BBS was the second most represented disease in our cohort. The analysis revealed a diagnostic rate of 44%. Interestingly, the study showed a surprisingly high prevalence of BBS4 variants. BBS1, 2, and 10 are known to constitute nearly 50% of diagnoses [52, 53]. One possible explanation is that patients were selected from a cohort consisting of over 60 well-characterized BBS individuals, with most of them possessing a genetic diagnosis at basal. Thus, several BBS1-mutated patients were excluded from the study. The high prevalence of BBS4 mutations in our study was peculiar and attracted our attention. All patients harbored the same BBS4c.332+1G>GTT variant. The latter was homozygote in three unrelated BBS individuals. A fourth patient showed two BBS4 mutations. An additional BBS subject with no complete molecular diagnosis showed the heterozygote BBS4c.332+1G>GTT variant. The identified mutation is predicted to determine defective splicing. Interestingly, all individuals were from the same region of Southern Italy. Three of 5 BBS4-patients were from an area south of Naples, between Torre del Greco and Castellammare di Stabia. The remaining two BBS individuals were from Naples city. A review of both the public and of our own internal database showed no evidence of the variant, except for one additional individual who was identified in the internal database. The patient was a woman born in Naples, undergoing genetic analysis for the clinical suspicion of AS(K121). She showed the heterozygote BBS4c.332+1G>GTT variant, in the absence of any signs of BBS, as expected. Considering the rarity of the disease, with a prevalence of 1:160,000 individuals, the detected BBS4 variant shows a striking prevalence in Naples, indicating a possible founder mutation. These observations provide the rationale for a cost- and time-efficient screening of this limited geographic area to determine allele frequency distribution and to estimate the risk of BBS occurrence.

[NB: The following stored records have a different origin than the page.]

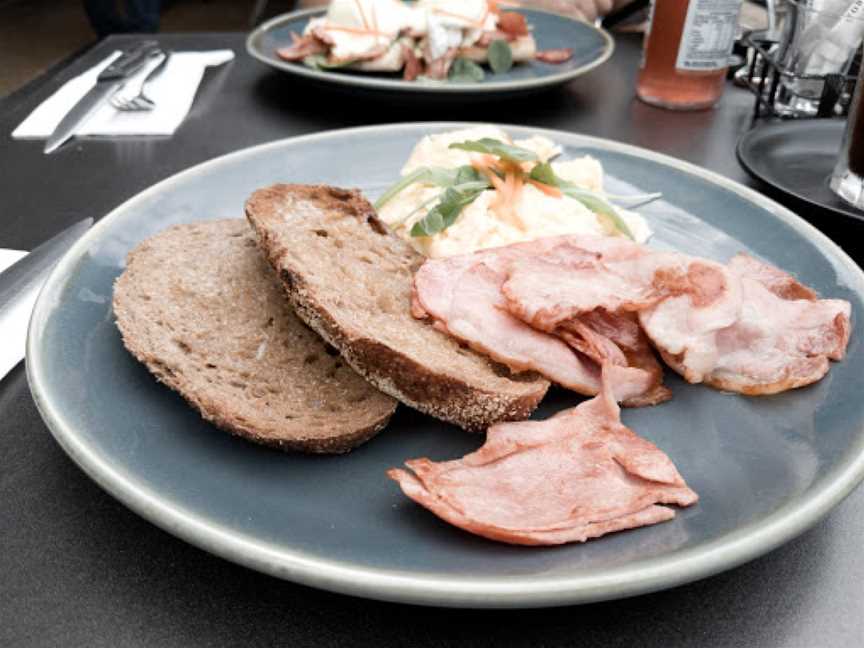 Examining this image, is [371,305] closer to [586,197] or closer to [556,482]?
[556,482]

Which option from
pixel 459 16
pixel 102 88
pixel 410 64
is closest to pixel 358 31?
pixel 410 64

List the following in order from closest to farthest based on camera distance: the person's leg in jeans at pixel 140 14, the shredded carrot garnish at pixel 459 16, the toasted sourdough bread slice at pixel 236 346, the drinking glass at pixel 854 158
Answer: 1. the toasted sourdough bread slice at pixel 236 346
2. the drinking glass at pixel 854 158
3. the shredded carrot garnish at pixel 459 16
4. the person's leg in jeans at pixel 140 14

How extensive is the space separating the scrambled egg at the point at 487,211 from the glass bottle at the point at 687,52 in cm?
95

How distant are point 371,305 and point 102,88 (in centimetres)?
176

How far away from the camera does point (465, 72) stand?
296 cm

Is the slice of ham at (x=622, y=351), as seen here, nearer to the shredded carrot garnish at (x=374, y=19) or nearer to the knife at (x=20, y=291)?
the knife at (x=20, y=291)

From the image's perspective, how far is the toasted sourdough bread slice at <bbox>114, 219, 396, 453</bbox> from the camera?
4.09 ft

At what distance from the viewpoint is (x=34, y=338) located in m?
1.33

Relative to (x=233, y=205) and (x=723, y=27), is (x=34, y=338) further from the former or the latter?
(x=723, y=27)

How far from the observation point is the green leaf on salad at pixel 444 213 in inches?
71.0

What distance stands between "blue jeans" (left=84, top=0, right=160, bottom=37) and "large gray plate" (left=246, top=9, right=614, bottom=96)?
291 cm

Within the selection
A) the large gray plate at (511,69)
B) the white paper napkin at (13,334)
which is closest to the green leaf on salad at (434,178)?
the large gray plate at (511,69)

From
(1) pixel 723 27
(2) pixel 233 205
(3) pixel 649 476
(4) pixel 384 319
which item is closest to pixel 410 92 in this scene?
(2) pixel 233 205

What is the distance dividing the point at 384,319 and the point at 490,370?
229mm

Additional non cystic patients in the study included patients suffering from tubulopathies and CAKUT. Fifty percent of patients with hypokalemic metabolic alkalosis were solved as Gitelman Syndrome or Bartter syndrome type 3. Conversely, patients with hypercalciuria and CAKUT were all unsolved. The scarce knowledge of the genetic landscape of these disorders and the contribution of acquired factors to their pathogenesis account at least in part for these results [54, 55].

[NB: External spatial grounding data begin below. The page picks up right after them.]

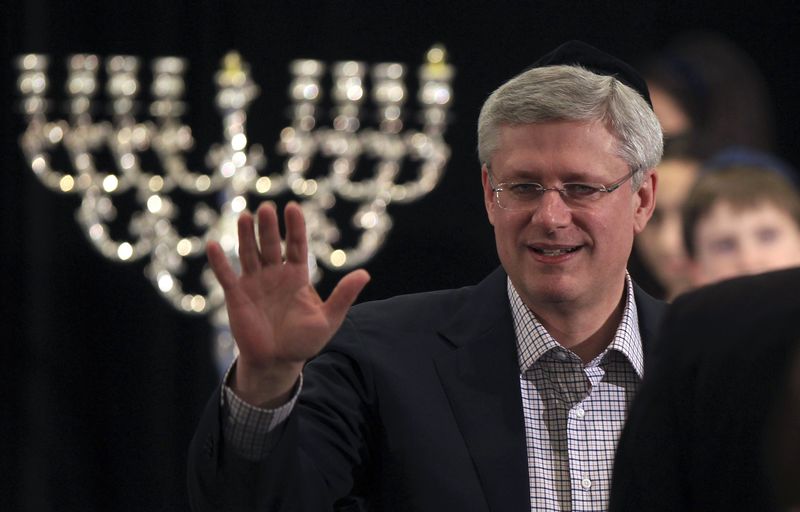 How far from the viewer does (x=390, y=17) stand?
4762 millimetres

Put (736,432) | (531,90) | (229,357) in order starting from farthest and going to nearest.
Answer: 1. (229,357)
2. (531,90)
3. (736,432)

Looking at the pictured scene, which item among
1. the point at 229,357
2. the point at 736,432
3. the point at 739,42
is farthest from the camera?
the point at 739,42

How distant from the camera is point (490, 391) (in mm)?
1643

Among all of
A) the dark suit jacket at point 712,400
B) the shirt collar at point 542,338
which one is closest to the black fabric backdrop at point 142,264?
the shirt collar at point 542,338

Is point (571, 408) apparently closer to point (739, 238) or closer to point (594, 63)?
point (594, 63)

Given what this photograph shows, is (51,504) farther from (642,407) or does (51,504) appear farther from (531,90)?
(642,407)

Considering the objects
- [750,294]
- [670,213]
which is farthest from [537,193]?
[670,213]

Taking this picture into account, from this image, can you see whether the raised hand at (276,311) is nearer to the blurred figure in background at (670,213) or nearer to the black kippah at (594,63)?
the black kippah at (594,63)

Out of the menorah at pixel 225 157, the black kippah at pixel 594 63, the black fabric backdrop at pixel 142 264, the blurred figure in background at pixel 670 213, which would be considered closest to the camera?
the black kippah at pixel 594 63

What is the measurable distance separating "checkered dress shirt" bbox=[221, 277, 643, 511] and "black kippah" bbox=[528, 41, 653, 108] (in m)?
0.31

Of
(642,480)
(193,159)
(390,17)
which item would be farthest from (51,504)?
(642,480)

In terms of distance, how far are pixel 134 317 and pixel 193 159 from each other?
0.63 meters

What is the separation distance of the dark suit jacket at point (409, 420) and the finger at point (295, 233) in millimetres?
186

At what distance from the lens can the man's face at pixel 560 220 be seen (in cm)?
170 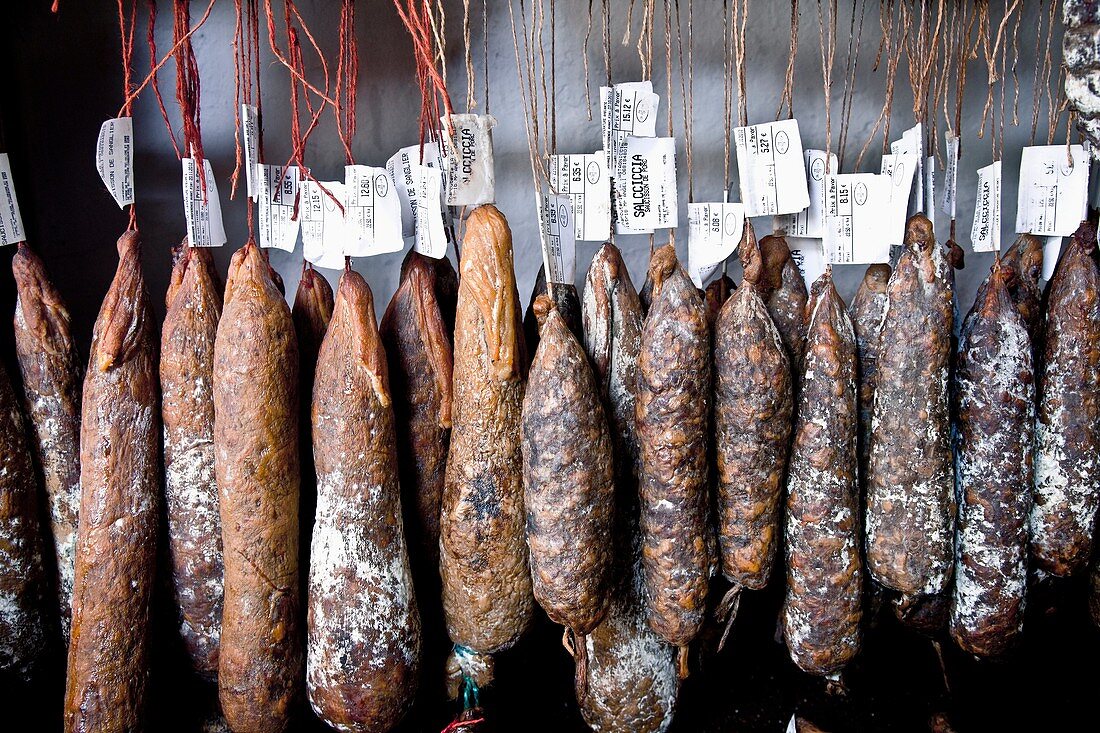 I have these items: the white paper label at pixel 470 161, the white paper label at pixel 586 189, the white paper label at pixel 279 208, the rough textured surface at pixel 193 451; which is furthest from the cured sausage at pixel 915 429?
the rough textured surface at pixel 193 451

The present study demonstrates the potential of a kidney focused gene-panel in the diagnosis of renal inherited disorders. In the era of WGS and WES, the potential of focused genetic panels is still of clinical utility and scientific interest, providing advantages when studying inherited kidney disorders in terms of both diagnostic purpose and identification of allele frequency in a restricted geographic area, a pre-requisite to address the risk of occurrence of genetic disorders.